Rachel terdiam, perasaannya mulai terusik. Ia tak pernah berpikir kesana sebelumnya, hanya terus menerus merasa berhasil memenangkan suara forum sekaligus Niels. Namun nyatanya, pria itu tidak berpihak padanya.

"Kurasa kau memiliki sentimen khusus padanya jika kau diam seperti ini, Rachel."

Rachel terkesiap, mendelikkan matanya tajam pada Philip yang tengah bermain kecil dengan anaknya. "Sentimen khusus? Kurasa tidak. Bagaimana pun tanggapannya padaku, aku hanya akan mengikuti prosedur eksperimenku sebelumnya ke MEDC."

"Mereka juga tidak mudah."

"Kau bahkan tidak mengerti apa yang kulakukan."

"Ya, aku memang tidak tahu sains dari eksperimenmu, tapi kau jangan lupa, bahwa aku dapat melakukan sesuatu yang lebih besar dari selembar sertifikat izin operasi perusahaan."

Rachel tersenyum miring. "Apa yang ingin kau katakan sebenarnya? Jelas kau tengah mengancamku dengan berkata seperti itu."

"Tidak juga. Aku ingin menawarkan solusi untukmu, agar kau terlindungi secara politik."

"Aku tidak tertarik apalagi membutuhkannya. Urus saja pekerjaan kita masing-masing. Karena bagiku, memenangkan simpati orang awam lebih penting dari pada memenangkan simpati dari elit politik sepertimu."

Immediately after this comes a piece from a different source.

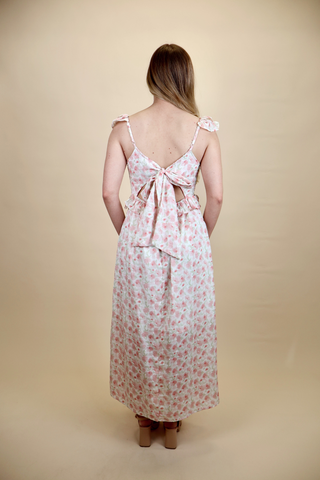 Sweet Garden Floral Midi Dress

Philip tersenyum miring cenderung meremehkan, menegakkan duduknya, lebih serius. "Kau yang seorang populis tidak akan bisa berjalan sendirian tanpa kali para elitis. Pun sebaliknya, kami tidak bisa mendapatkan apa-apa tanpa para populis. Maka sebaiknya kita bekerja sama."

"Berikan aku pertimbangan kerja sama yang lebih logis dan rasional. Caramu yang seperti ini sungguh bukan gayaku, Philip," tegas Rachel. "Katakan saja berapa persen keuntungan yang kau inginkan, pertumbuhan dan valuasi perusahaan yang kau harapkan jika pemerintah mengakuisisi CI..."

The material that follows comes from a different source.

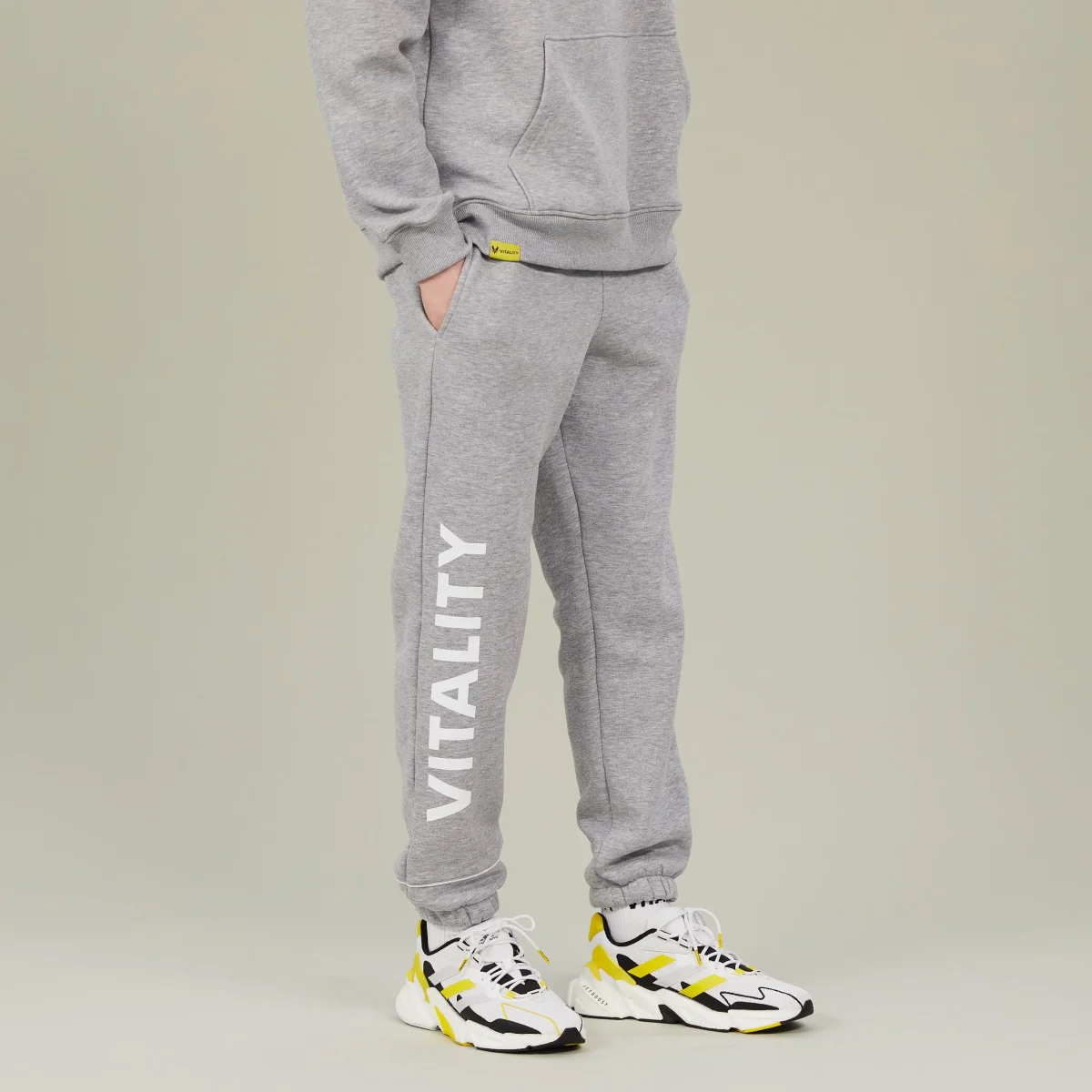 Jogging basic gris – Image 5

Philip terdiam sejenak, Rachel menembaknya tepat sasaran, membuatnya tak bisa menimpali apa pun. Apa yang dikatakan Rachel memang tujuannya, namun saat ini ia merasa seperti kehilangan harga diri.

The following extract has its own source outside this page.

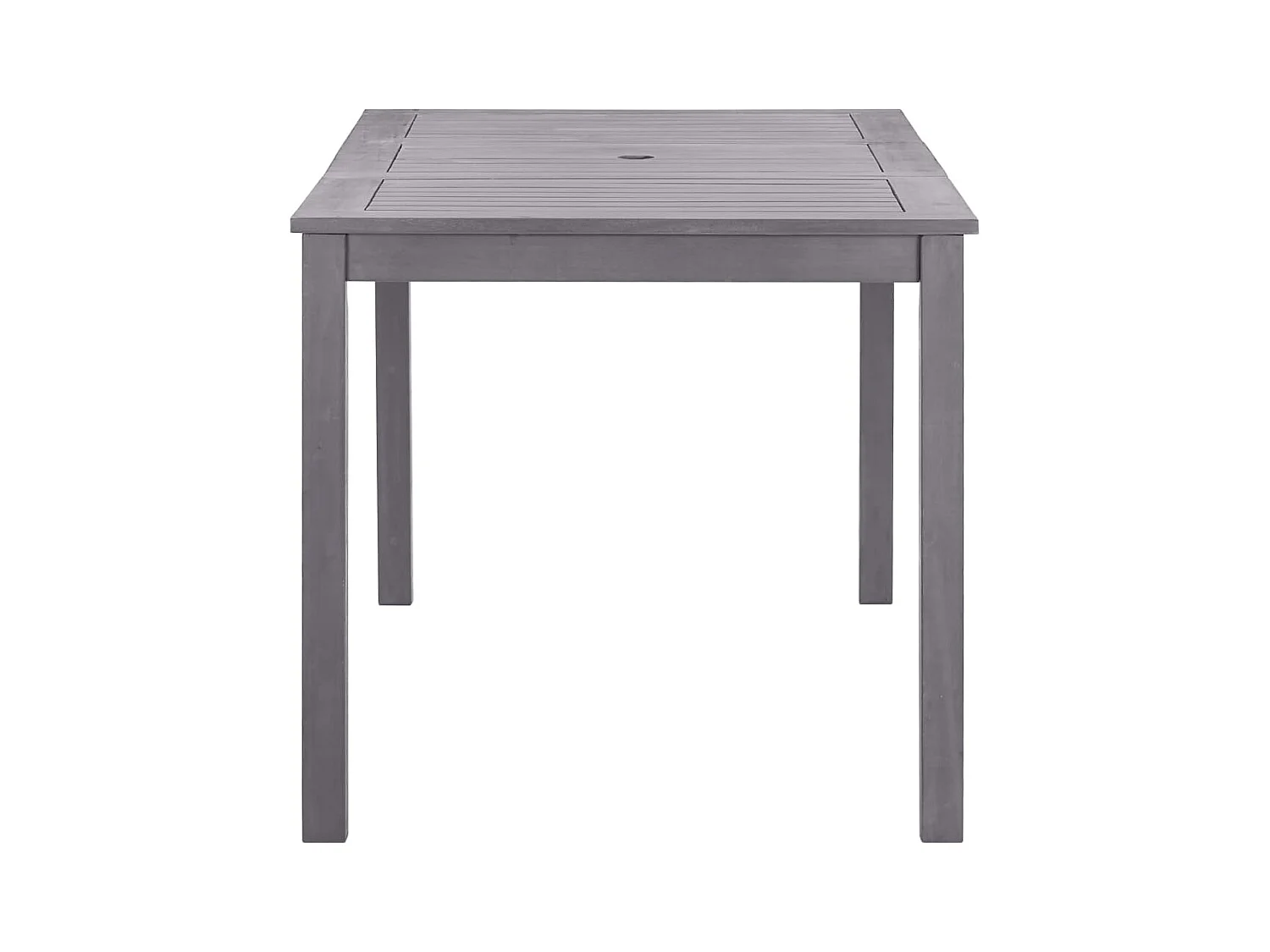 Tuintafel Grey wash 140x80x74 cm Massief acaciahout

"Aku tahu uang adalah pendorong dari segala pendorong untuk kalian. Maka katakan saja, perintahkan orang-orangmu di federasi untuk membuatkan proposal kerja sama bisnis alih-alih kau melobi apa lagi mengancamku seperti ini..."

"Gunakan cara-cara yang berguna dengan akal sehatmu, Philip."